Short descriptive text snippets
#####
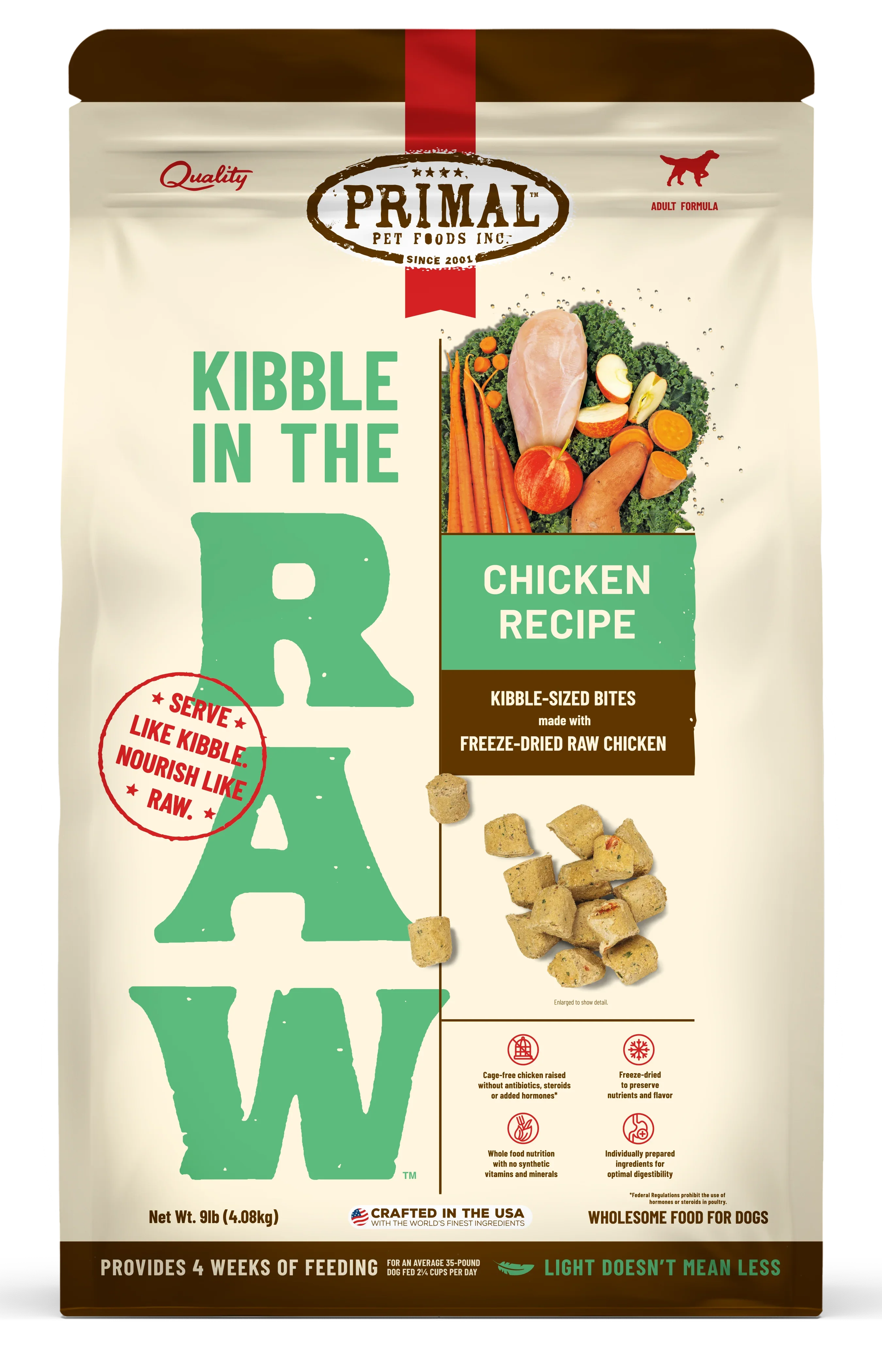 Kibble in the Raw Dog Food - Chicken Recipe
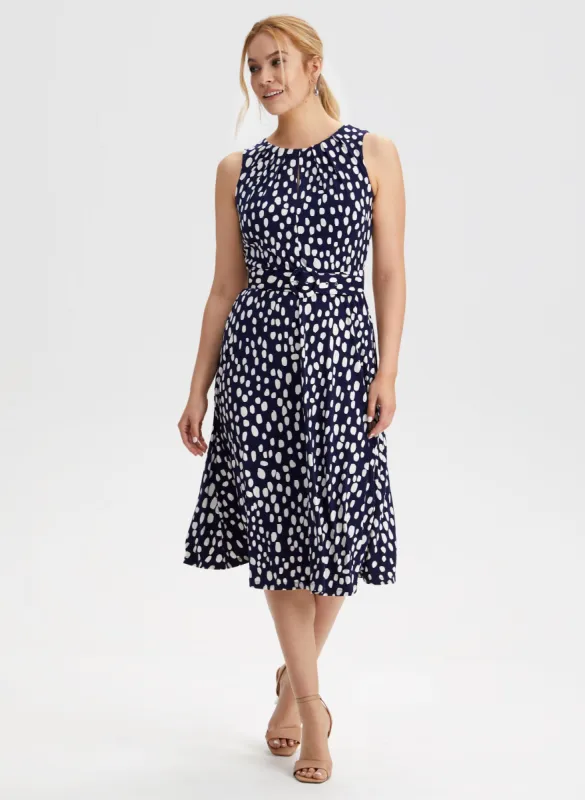 Dot Print Belted Dress sold by Laura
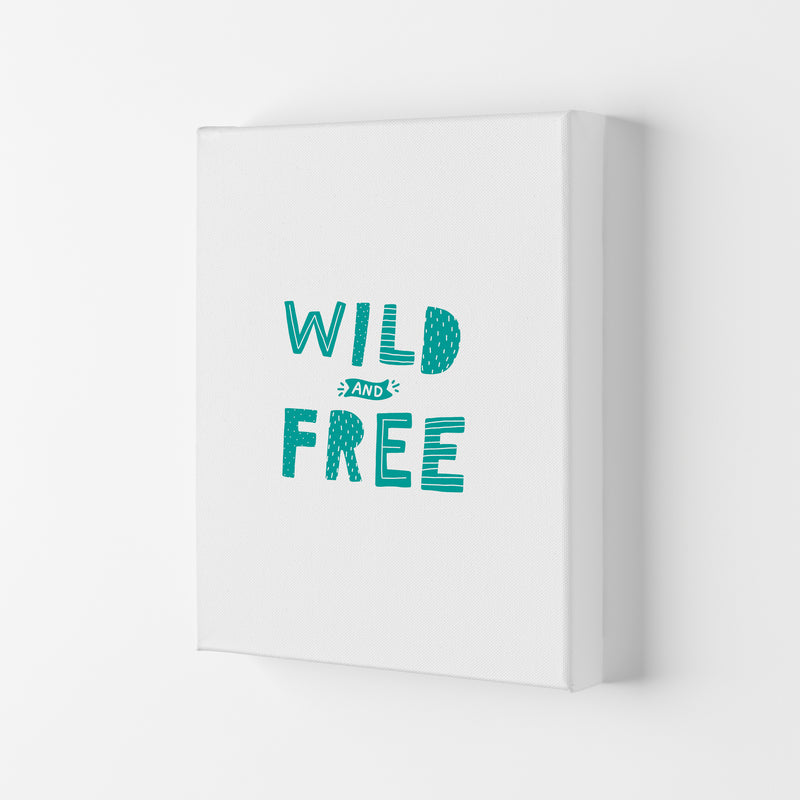 Wild And Free Teal Super Scandi  Art Print by Pixy Paper Canvas
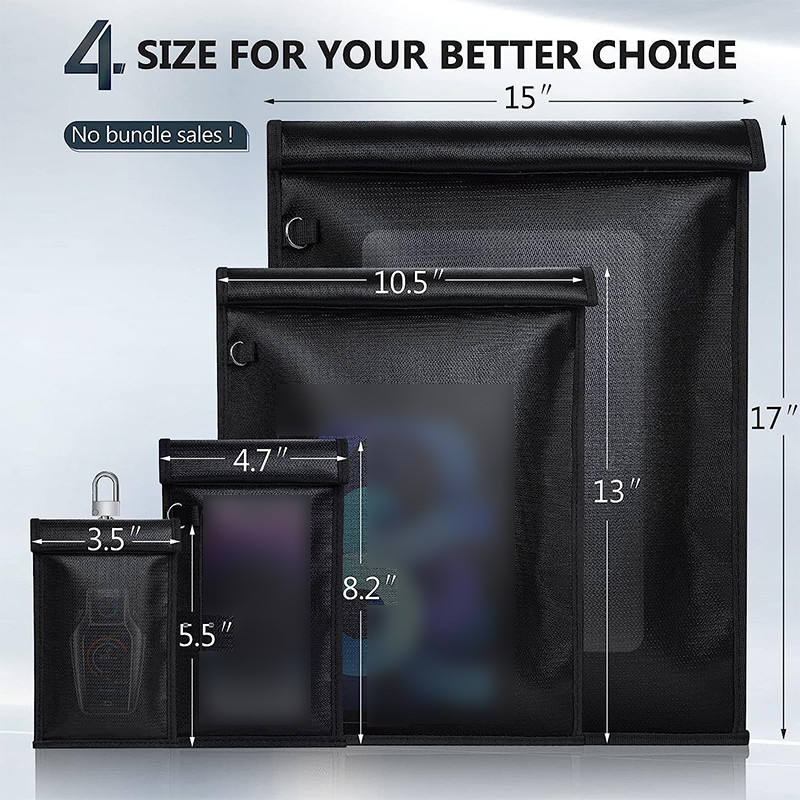 Car Key Signal Shielding Bag Waterproof Fireproof Rfid Blocking Pouch Car Key Faraday Bag Rf Signal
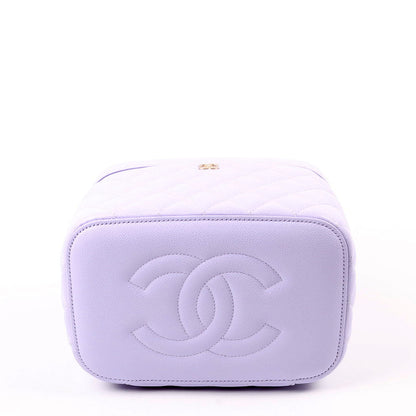 Chanel Vanity Pouch Large Quilted Caviar RFID Purple Bag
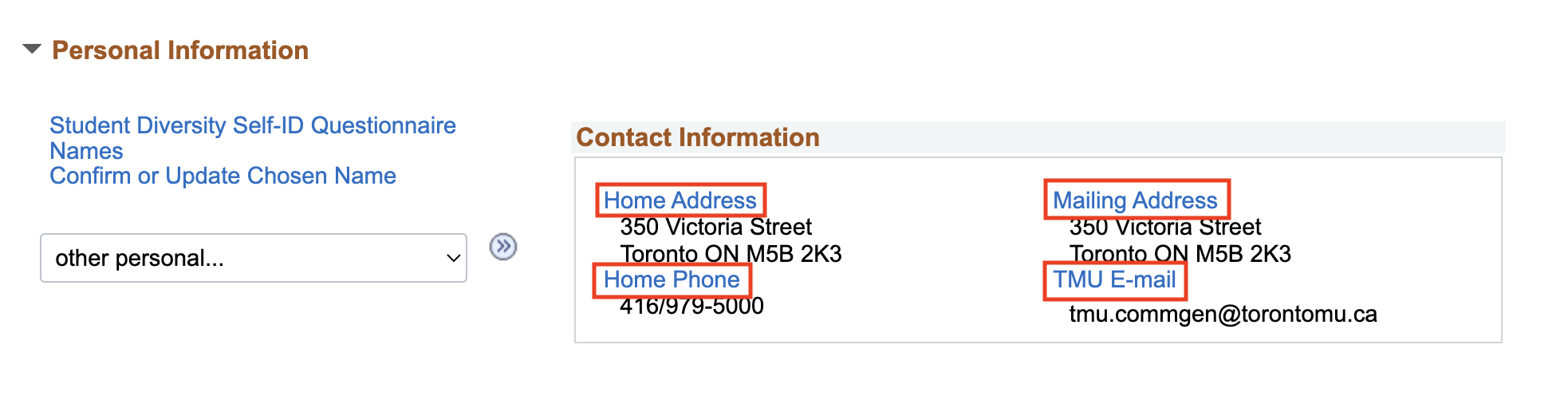 Home Address, Mailing Address, Cellular Phone and Home Email quick links under MyServiceHub Contact Information.
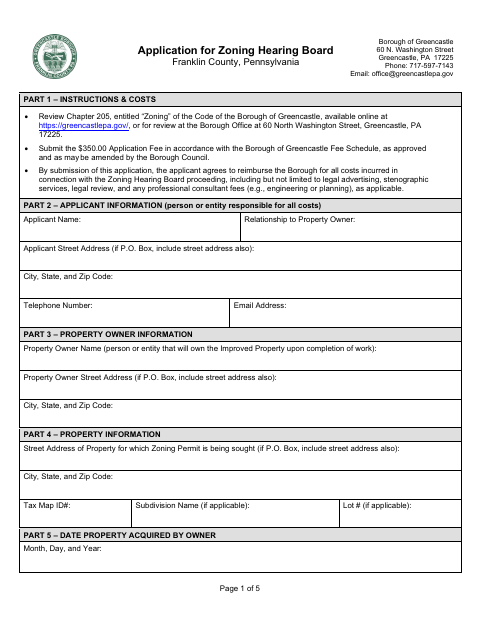 First page of the Zoning Hearing Board Application Form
#####
> **Exercise instructions**:
Quote every entry exactly, with the pictures omitted.

> **Answer space**:
 Kibble in the Raw Dog Food - Chicken Recipe
 Dot Print Belted Dress sold by Laura
 Wild And Free Teal Super Scandi  Art Print by Pixy Paper Canvas
 Car Key Signal Shielding Bag Waterproof Fireproof Rfid Blocking Pouch Car Key Faraday Bag Rf Signal
 Chanel Vanity Pouch Large Quilted Caviar RFID Purple Bag
 Home Address, Mailing Address, Cellular Phone and Home Email quick links under MyServiceHub Contact Information.
 First page of the Zoning Hearing Board Application Form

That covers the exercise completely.